Tuesday, April 12, 2005

The Upper East Side Can't Keep It Real

Oh, what a truly offensive pile of bullshit this is. Even after taking a week to calm down (I even made my special spring 'Slaw, and had it with some grilled asparagus), this still makes me want to vomit with rage.

New York magazine has just informed us all how truly lucky we are that so many of our nation's extremely wealthy have chosen to nest in New York and make this city so great by dint of their mere presence (and pocketbooks).

While the piece has been rightly gored by more talented pike-wielders than Cole Slaw Blog can employ at the moment, one thing stands out:

The article is larded throughout with the kind of bootstrap-pulling hokum one expects from a freshman staffer at the Michigan Review. In modern-day Manhattan, crumbs falling out of billionaire billfolds support busboys and sommeliers and waiters and livery drivers and construction workers and secretaries and well, life is just swell.

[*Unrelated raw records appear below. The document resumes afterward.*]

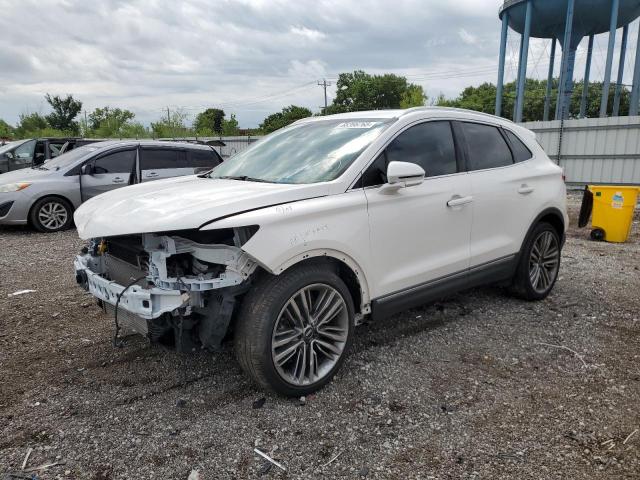  Salvage Lincoln MKZ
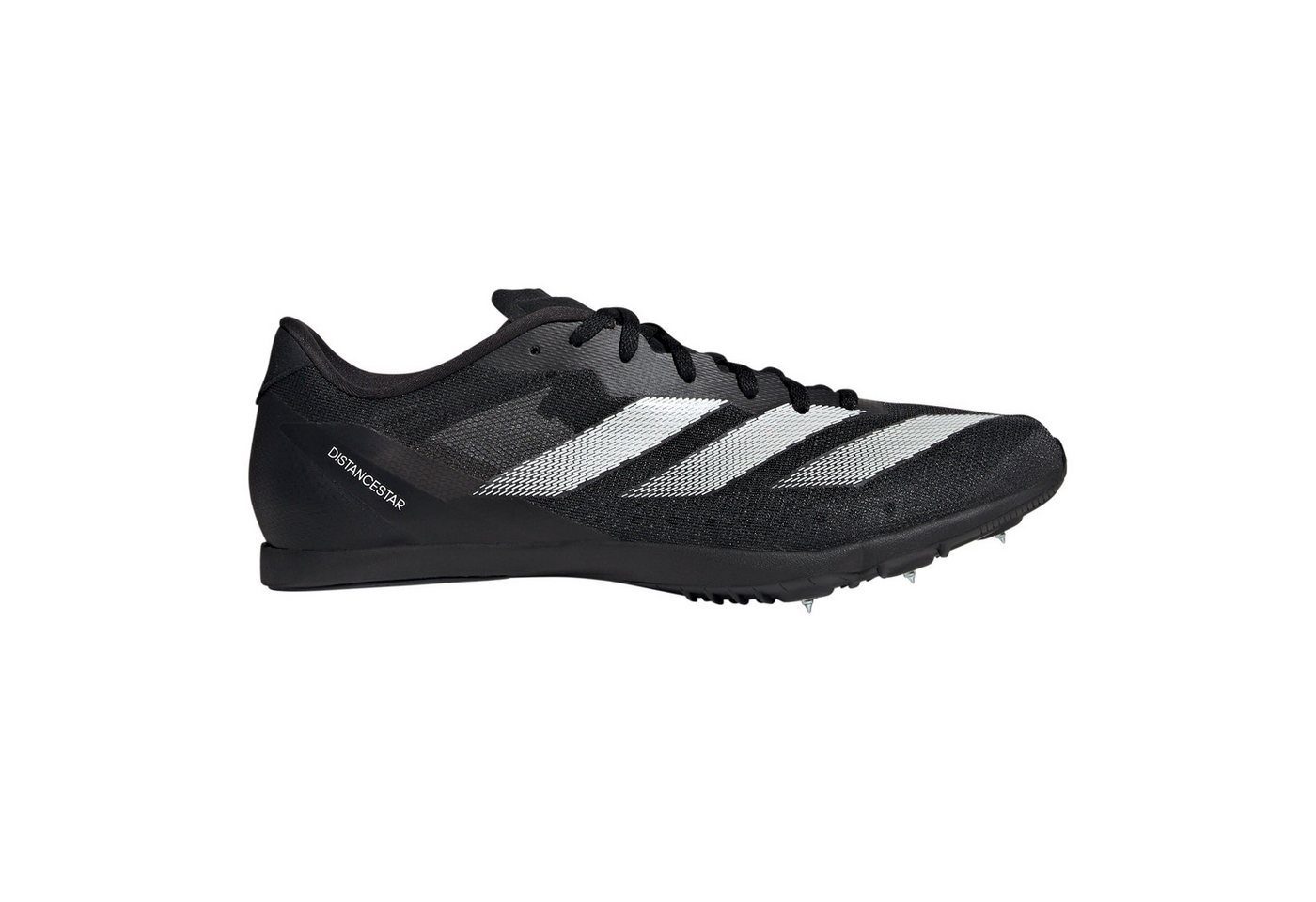 adidas Sportswear Distancestar - Spikeschuh Laufschuh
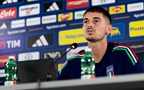 Lipani, orgoglio ligure: "Indossare la maglia della Nazionale nella mia terra è un grandissimo onore"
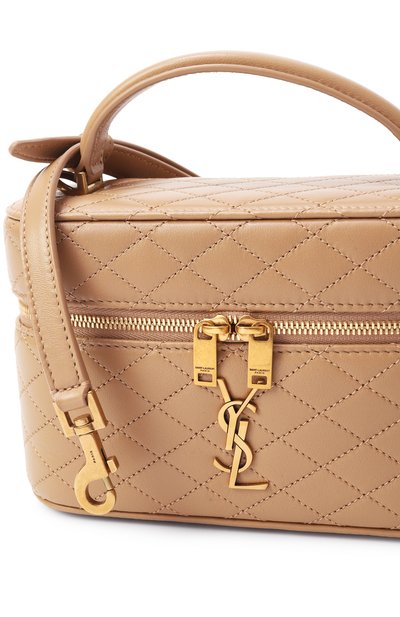 Сумка gaby SAINT LAURENT, арт. 766731/1EL07, фото 3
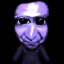 ao oni ....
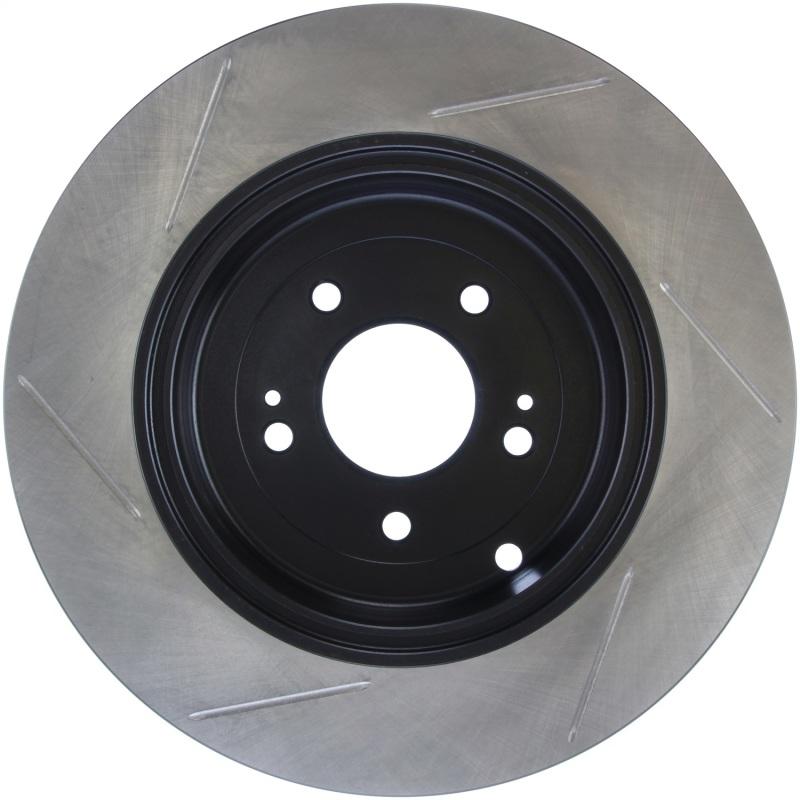 Stoptech 126.51035SL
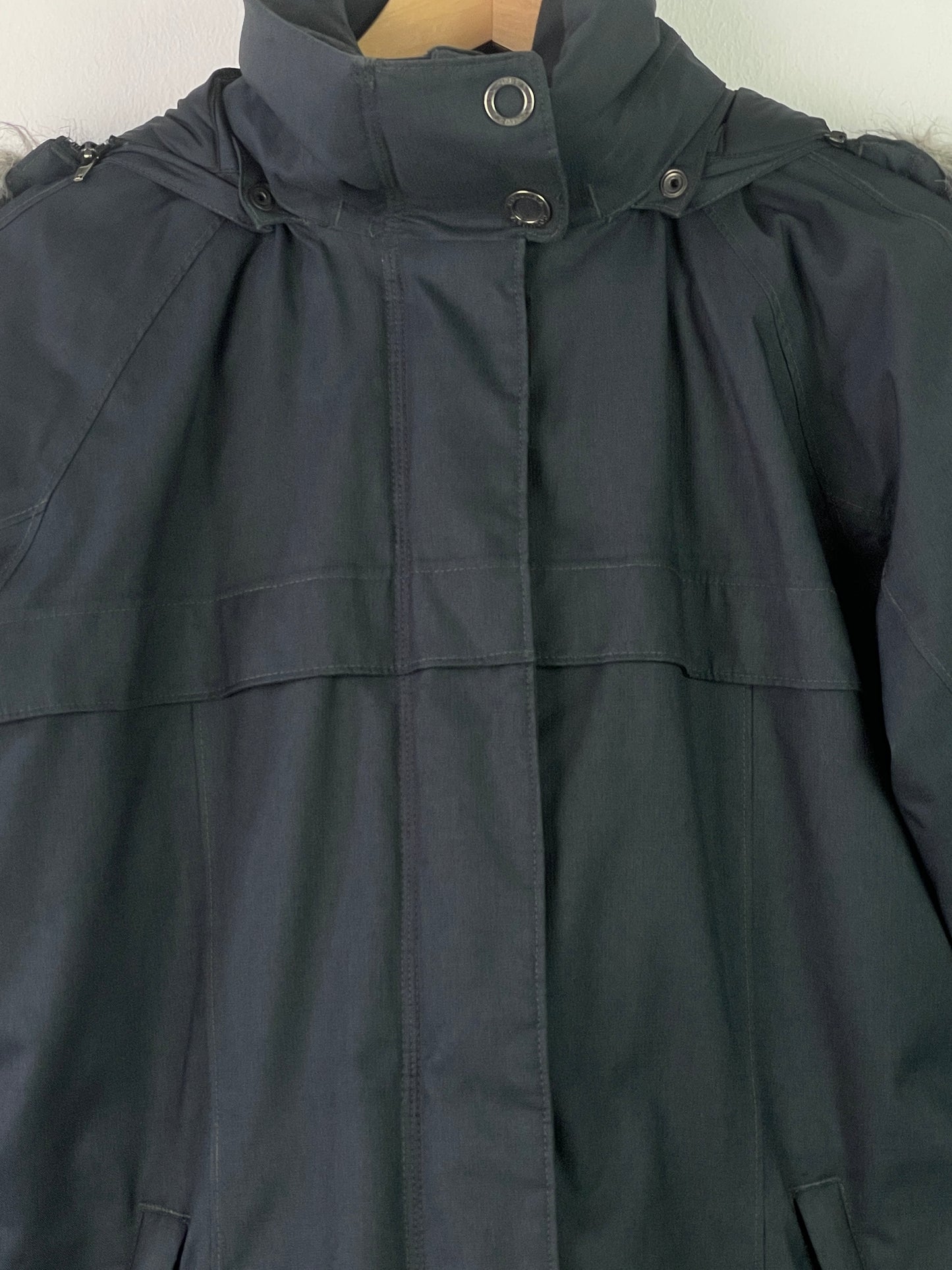 Columbia Herren Jacke Gr M Farbe schwarz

Except for the people trying to keep it real on the Upper East. The "workaday rich," as author Daniel Gross calls them, are the only aggrieved party to be spotted in the piece. Which shouldn't surprise, considering the source.

In the world of New York magazine, the super-rich make things easy for everyone, while the merely rich shoulder the load.

Maybe this is the White Man's Burden for a New American Century?